The Subadviser shall have the express authority to negotiate, open, continue and terminate brokerage accounts and other brokerage arrangements with respect to all Portfolio transactions entered into by the Subadviser on behalf of the Portfolio.
3. Compensation of the Subadviser. The Subadviser shall not be entitled to receive any payment from the Trust and shall look solely and exclusively to the Adviser for payment of all fees for the services rendered, facilities furnished and expenses paid by it hereunder. As full compensation for the Subadviser under this Subadvisory Agreement, the Adviser agrees to pay to the Subadviser a fee at the annual rates set forth in Schedule A hereto with respect to the assets managed by the Subadviser for each Portfolio listed thereon. Such fee shall be accrued daily and paid monthly as soon as practicable after the end of each month (i.e., the applicable annual fee rate divided by 365 applied to each prior day’s net assets in order to calculate the daily accrual). For purposes of calculating the Subadviser’s fee, the average daily net asset value of a Portfolio shall mean the average daily net assets for which the Subadviser provides advisory services, and shall be determined by taking an average of all determinations of such net asset value during the month. If the Subadviser shall provide its services under this Subadvisory Agreement for less than the whole of any month, the foregoing compensation shall be prorated.
3
4. Reports. The Trust and the Adviser agree to furnish to the Subadviser current prospectuses, statements of additional information, proxy statements, reports of shareholders, certified copies of their financial statements, and such other information with regard to their affairs and that of the Trust as the Subadviser may reasonably request.

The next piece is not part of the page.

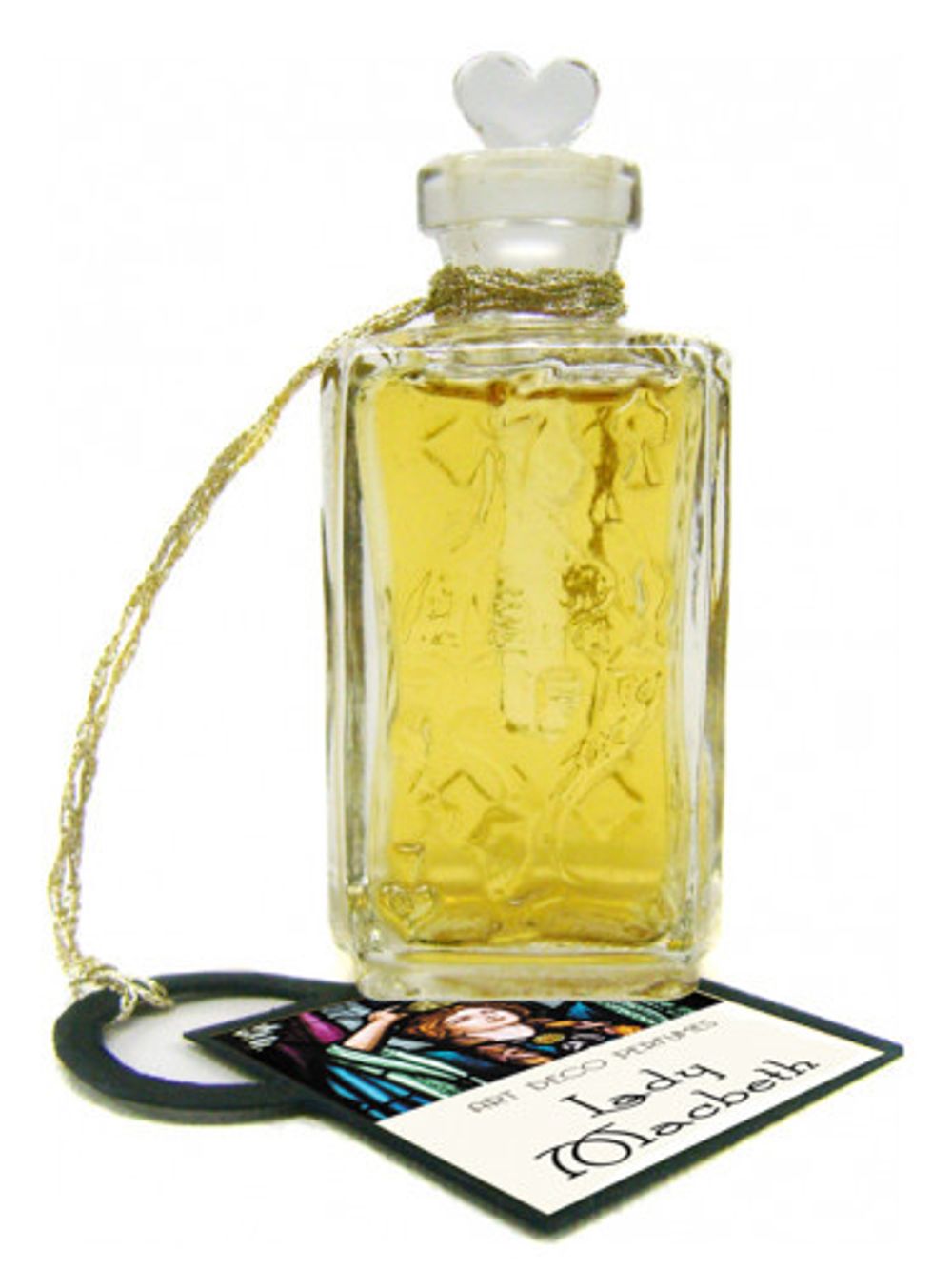 Art Deco Perfumes Panax Ginseng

The Subadviser agrees to furnish to the Adviser and/or the Chief Compliance Officer of the Trust and/or the Adviser (the “CCO”) with such information, certifications and reports as such persons may reasonably deem appropriate or may request from the Subadviser regarding the Subadviser’s and the Subadviser Affiliates’ compliance with applicable law, including: (i) Rule 206(4)-7 of the Advisers Act; (ii) the Federal Securities Laws, as defined in Rule 38a-1 under the Act; (iii) the Commodity Exchange Act; and (iv) any and all other laws, rules and regulations, whether foreign or domestic, in each case, applicable at any time to the operations of the Subadviser with respect to the provision of its services under this Agreement. The Subadviser shall make its and the Subadviser Affiliates’ officers and employees (including its CCO) who are responsible for the Portfolio available, upon reasonable notice to the Subadviser, to the Adviser and/or the CCO from time to time to examine and review the Subadviser’s and the Subadviser Affiliates’ compliance program and adherence thereto.

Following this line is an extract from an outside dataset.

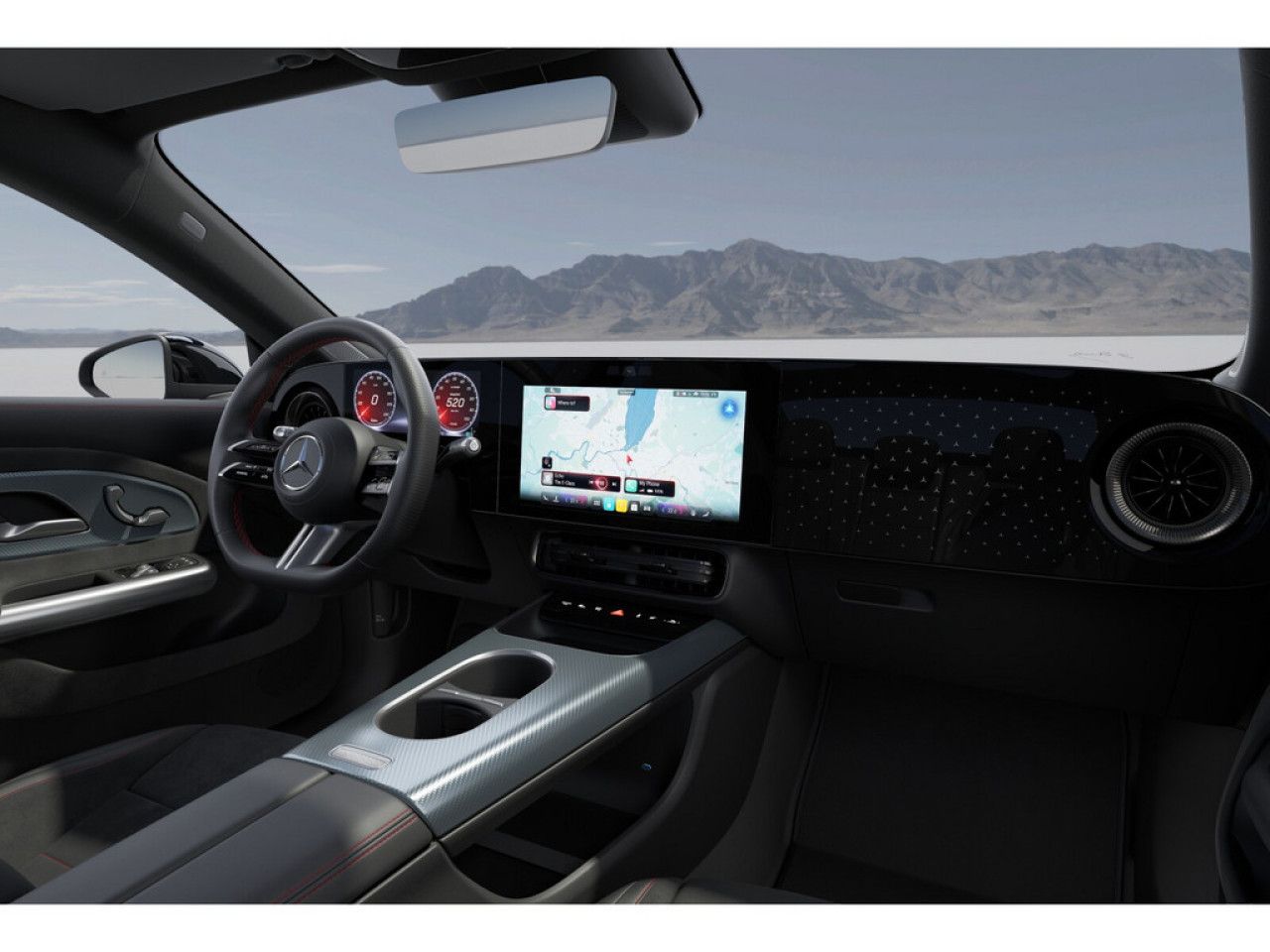 Mercedes-Benz CLA – Bild 6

5. Status of the Subadviser. The services of the Subadviser to the Adviser and the Trust are not to be deemed exclusive, and the Subadviser shall be free to render similar services to others so long as its services to the Trust are not impaired thereby. The Subadviser shall be deemed to be an independent contractor and shall, unless otherwise expressly provided or authorized, have no authority to act for or represent the Trust in any way or otherwise be deemed an agent of the Trust.
6. Proxy Voting. The Adviser will vote proxies relating to the Portfolio’s securities. The Adviser will vote all such proxies in accordance with such proxy voting guidelines and procedures adopted by the Board of Trustees. The Adviser may, on certain non-routine matters, consult with the Subadviser before voting proxies relating to the Portfolio’s securities. The Adviser will instruct the custodian and other parties providing services to the Trust promptly to forward to the proxy voting service copies of all proxies and shareholder communications relating to securities held by each Portfolio (other than materials relating to legal proceedings).
7. Certain Records. The Subadviser hereby undertakes and agrees to maintain, in the form and for the period required by Rule 31a-2 under the Act, all records relating to the investments of the Portfolio(s) that are required to be maintained by the Trust pursuant to the requirements of Rule 31a-1 of the Act. Any records required to be maintained and preserved pursuant to the provisions of Rule 31a-1 and Rule 31a-2 promulgated under the Act which are prepared or maintained by the Subadviser on behalf of the Trust will be provided promptly to the Trust or the Adviser upon request.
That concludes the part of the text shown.